Guyana: Fires and Fire Fighting – Stabroek News Editorial

By October 10, 2021.

The reality is that the capital has been subject to a series of disastrous conflagrations from its earliest days, and it can only be a source of incredulity that any older structures have survived into modern times at all. One might have thought that given Georgetown’s incendiary history the GFS would have been one of the most professional and efficient in the world. While there have been periods in the past when the training and performance of the service met something approaching international standards, as our editorial last Monday pointed out, its failings in response to the Brickdam Police Station fire were only too apparent.       

Fire destroyed 80% of the Brickdam Police Station  on October 2, 2021

It is not just the Fire Service and by extension the government which is at issue, but also the attitude of the professionals who have charge of public assets, as well as the population at large. Georgetown’s huge disadvantage is that until very recent times it was predominantly a wooden city. The Brickdam Police Station, an attractive historical building was also of wood, so what emergency fire arrangements were in place should a disaster happen? It did have extinguishers which it seems were used, but possibly at a stage when it was already too late to have any effect.

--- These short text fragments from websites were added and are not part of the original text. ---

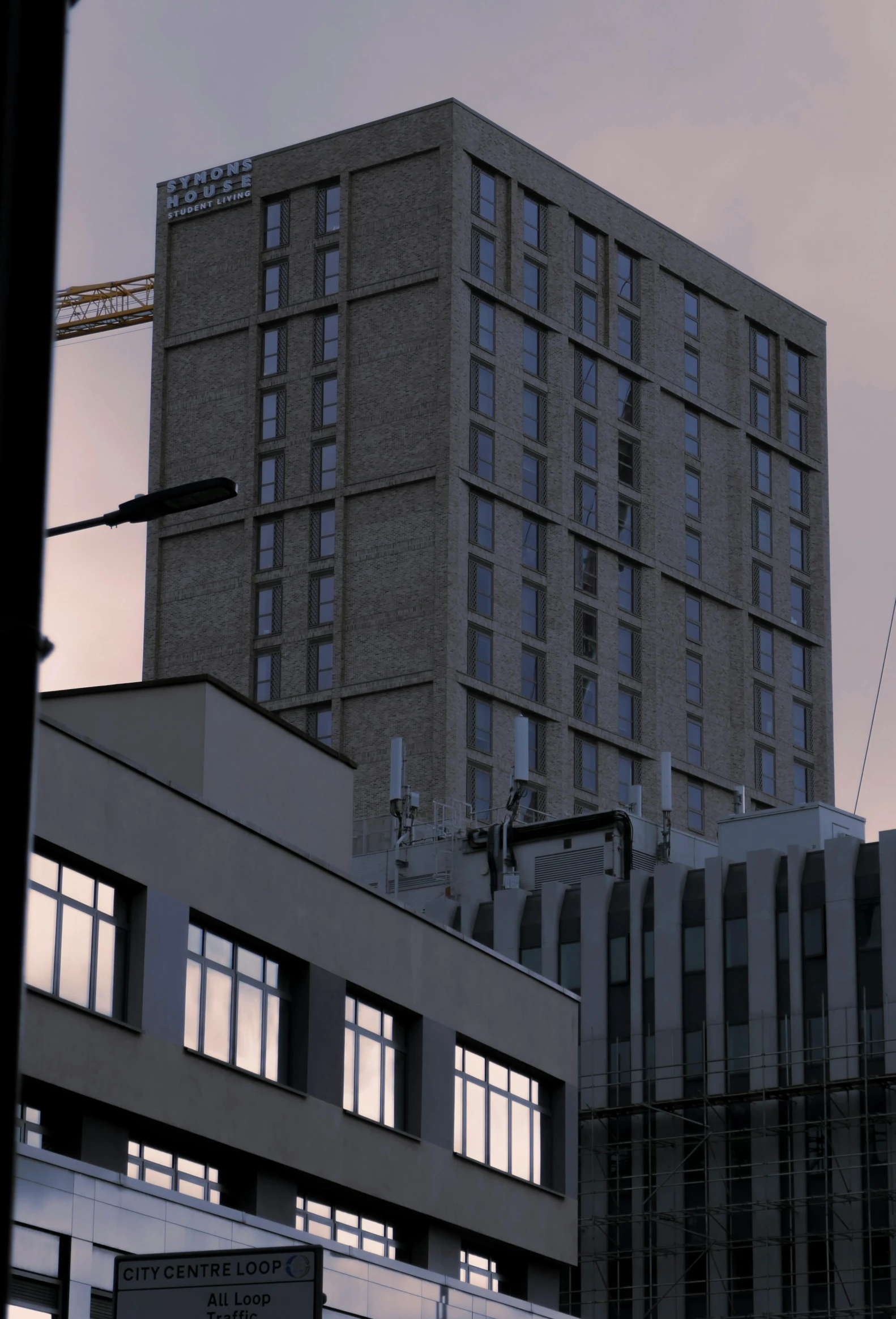 a large brown brick building with windows next to other buildings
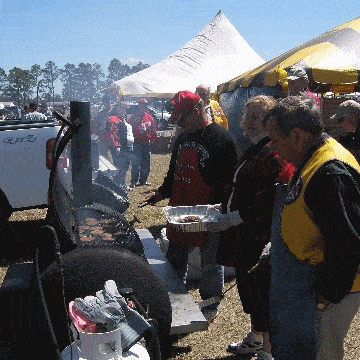 A woman and two men tending to hamburger patties on the barrel cooker grills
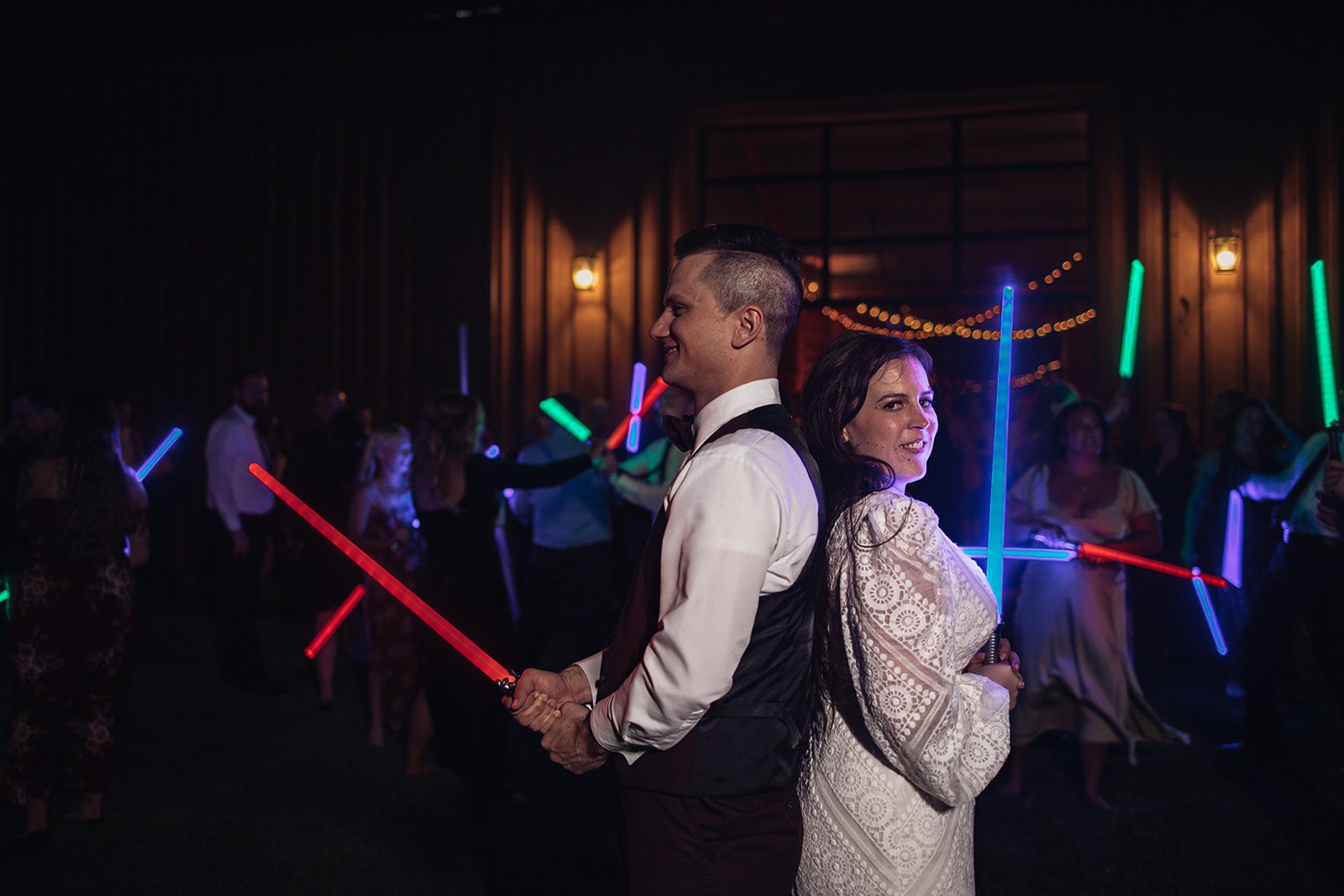 A bride and groom stand back to back with light sabers after a star wars send off.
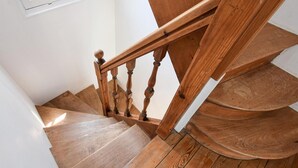 Una escalera de madera con barandilla y descansillo.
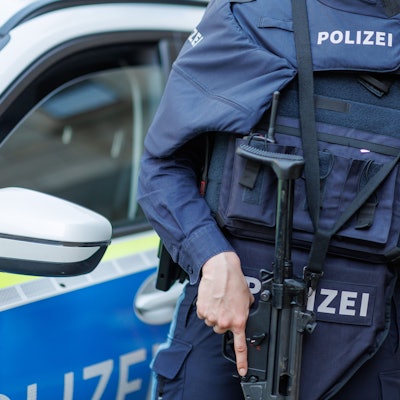 Eine Polizistin steht mit ballistischem Schutzhelm, einer Schusswaffe und einer kugelsicheren Weste vor einem Polizeiwagen.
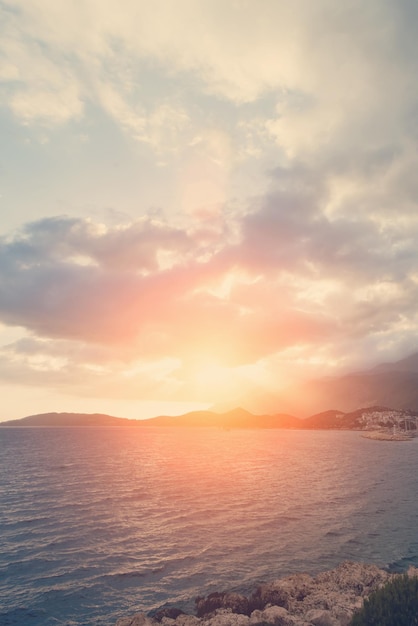 Sunset or sunrise over the rocky coast and sea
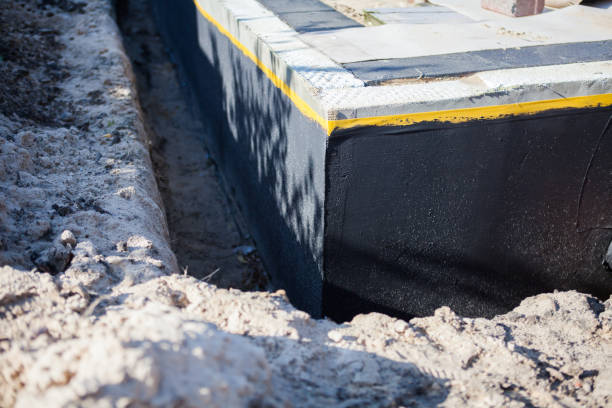 Professional Emergency Waterproofing technician working in Richland, GA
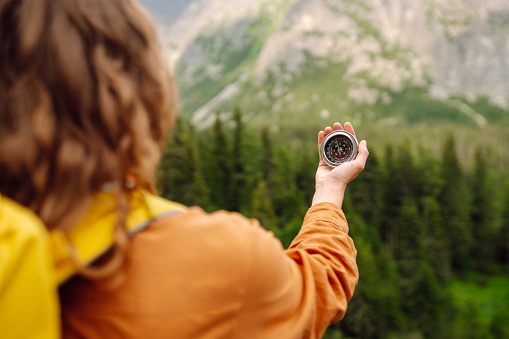 Rear view of an active senior man taking a photo with his cell phone of Crater Lake while on a hike on a warm and sunny summer day in Oregon.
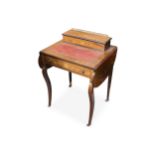 An Edwardian rosewood writing table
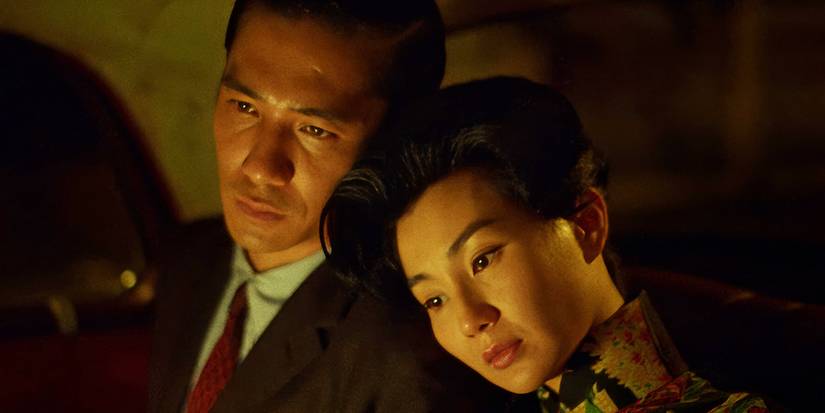 A woman resting her head in a man's shoulder in the back of a car in In the Mood for Love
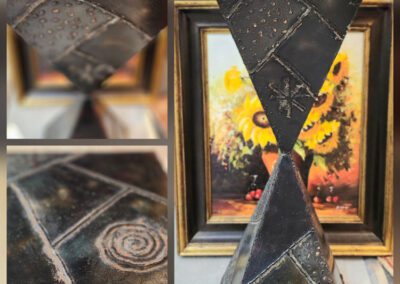 Geometric sculpture with intricate engraved patterns.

One presumes there was a fire alarm, but where were the smoke alarms? Where were the sprinkler systems which are now customary for public buildings in other jurisdictions? And as our leader on Monday asked, where were the fire hoses and sand buckets? Were there enough fire extinguishers to cope with a major inferno sited within easy reach of all important locations?  And were there any emergency response or salvage plans in existence? Where the latter is concerned, clearly not, since the worst loss was that of documentation. Since none of it was digitised one must presume it was kept in non-fireproof filing cabinets. Surely, one would have thought, at the very least it is just common sense to have backup for such critical documents.

The London Fire Brigade asks heritage sites to have a salvage plan which identifies priority items which need to be removed or protected, so fire crews can devise recovery strategies in advance. It also allows them to decide what equipment is needed to retrieve objects and minimise damage. One only has to think of Castellani House which shelters the nation’s art collection to see the wisdom of that approach. Then too there are institutions such as the archives and the National Library, although at least they have the virtue from a preservation point of view of not being of wood. That said, it should be remembered that even solid stone Windsor Castle went on fire. In any event there are all kinds of public buildings which would benefit from a salvage plan.

As for emergency response plans, every state and local government institution should have them, in addition to all private work locations. What to do in a fire should be posted on walls, and wherever possible there should be regular fire drills too. That particularly applies in the case of schools; panicky children are the last thing one wants in the event of a fire. They should be trained to evacuate a building in a disciplined and orderly way. Needless to say this country does not lack examples of schools burning down, one quite recently.

The government has made it quite clear that money has been poured into the Fire Service in recent times so it is properly equipped to perform its function. One does wonder, however, whether the service has had new developments in mind when upgrading its equipment. The city is growing upwards, so to speak, and it can only be speculated whether the GFS would be in a position to rescue citizens from the top floor of one of our higher buildings, for example, where they were prevented from escaping down the stairs past middle floors engulfed in flames.

Where new appliances are concerned one is reminded of the case of the 1863 Werk-en-Rust fire, which was attended by the pride of the Fire Service, a brand new steam-powered engine. Unfortunately, however, it was only provided with ten feet of suction hose and before they had scrambled to obtain enough to reach the river, two hours had elapsed and inevitably the fire had spread. There were manual engines on the scene, but for some reason they would not work; no doubt they had not been serviced.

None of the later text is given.